[Opening Data supplied section]

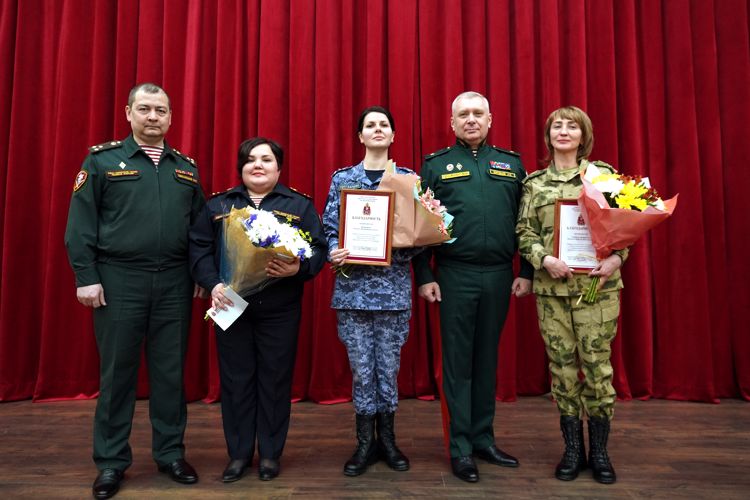 В Санкт-Петербурге наградили росгвардейцев-водителей, отличившихся в ходе специальной военной операции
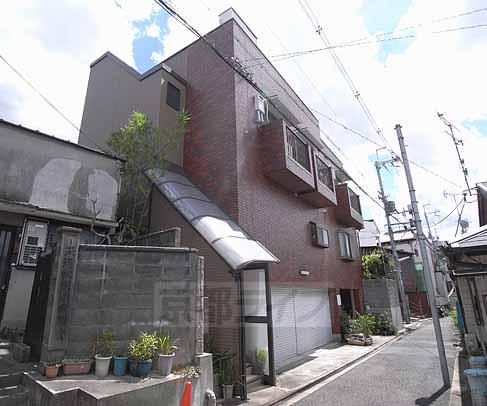 【京都市伏見区深草森吉町のマンションの建物外観】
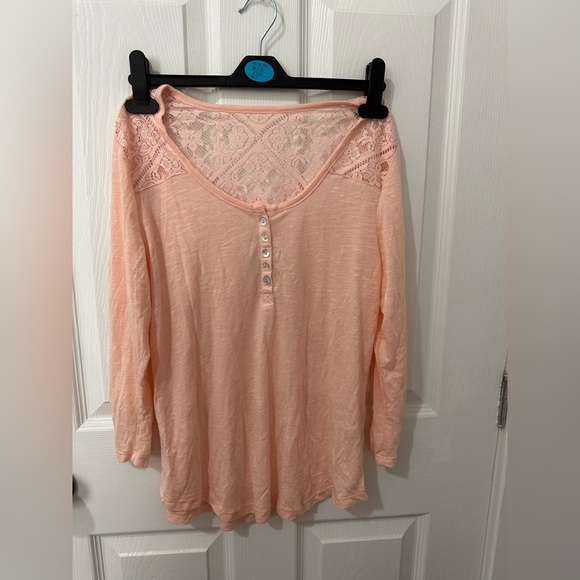 Neon Soul Lace Yolk Tee Light Pink NWOT - Picture 1 of 6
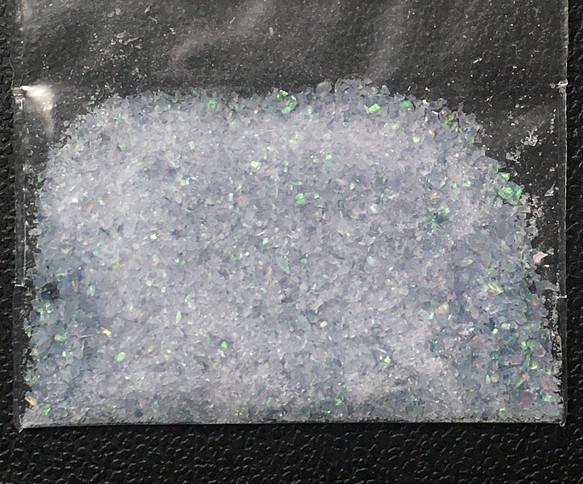 《人工オパール》(ネオンオパール) 原石 ブラック/オレンジ斑 1.0g ⑫ (樹脂含侵) 1枚目の画像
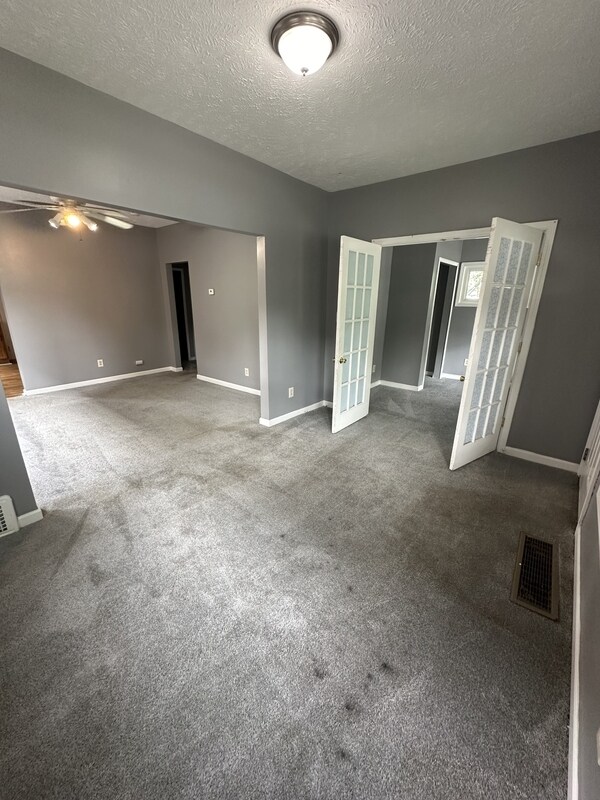 Building Photo - 16119 Parkgrove Ave
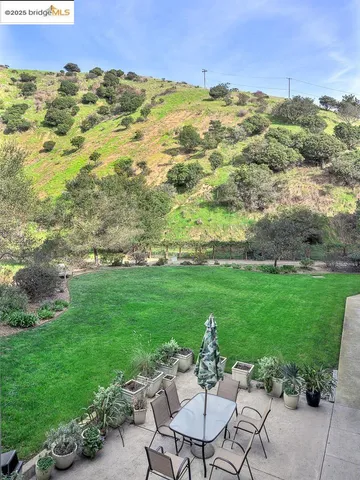 a view of a tennis court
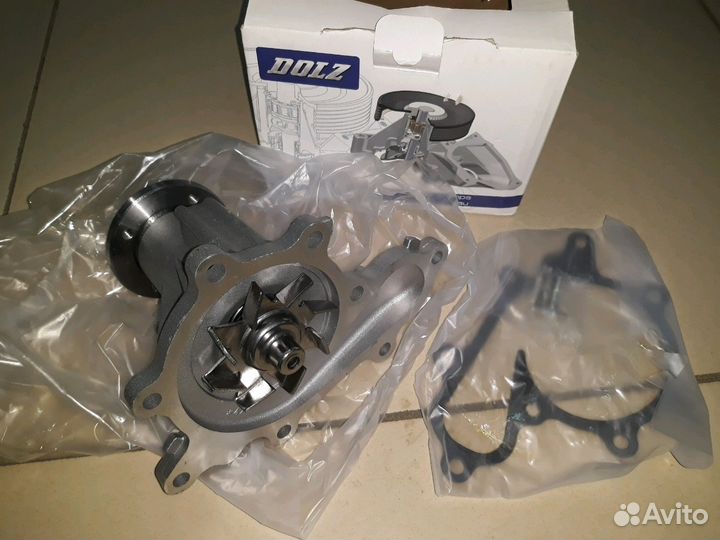 Помпа Nissan Navara Pathfinder 21010-EB30A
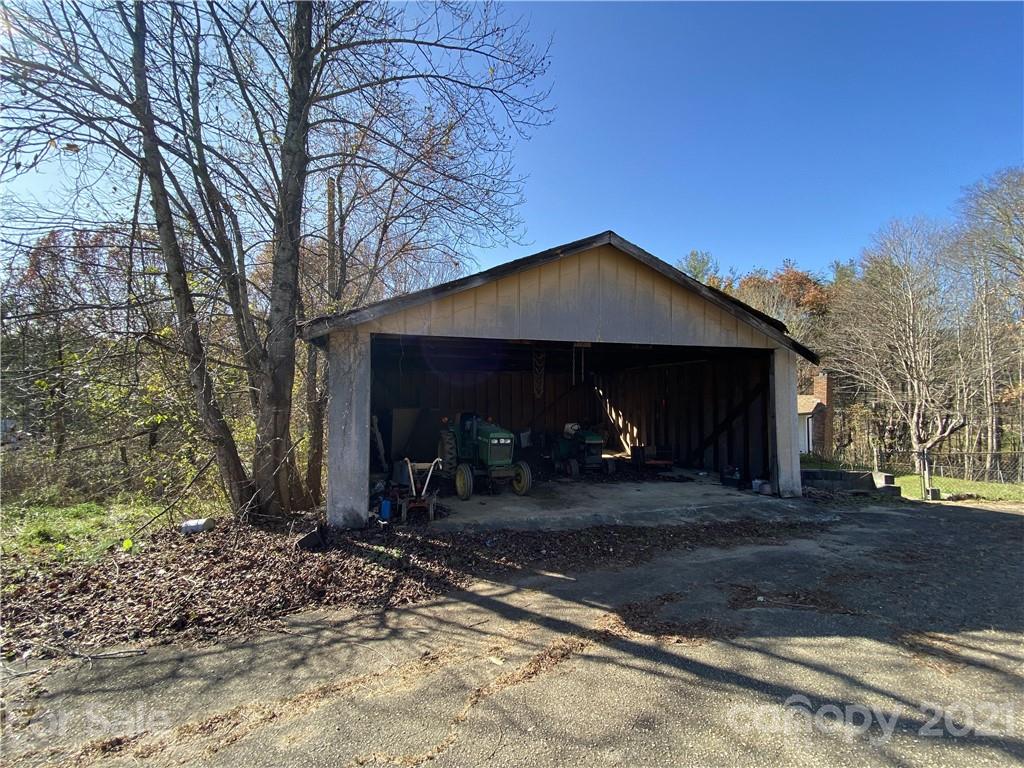 212 Phillips Road Spruce Pine, NC 28777 - Photo 20 of 25 Gallery Image 20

[Closing Data supplied section]

Exercise instructions –
All the records above need to be given again word for word. Skip the pictures.

Answer to the problem –
 В Санкт-Петербурге наградили росгвардейцев-водителей, отличившихся в ходе специальной военной операции
 【京都市伏見区深草森吉町のマンションの建物外観】
 Neon Soul Lace Yolk Tee Light Pink NWOT - Picture 1 of 6
 《人工オパール》(ネオンオパール) 原石 ブラック/オレンジ斑 1.0g ⑫ (樹脂含侵) 1枚目の画像
 Building Photo - 16119 Parkgrove Ave
 a view of a tennis court
 Помпа Nissan Navara Pathfinder 21010-EB30A
 212 Phillips Road Spruce Pine, NC 28777 - Photo 20 of 25 Gallery Image 20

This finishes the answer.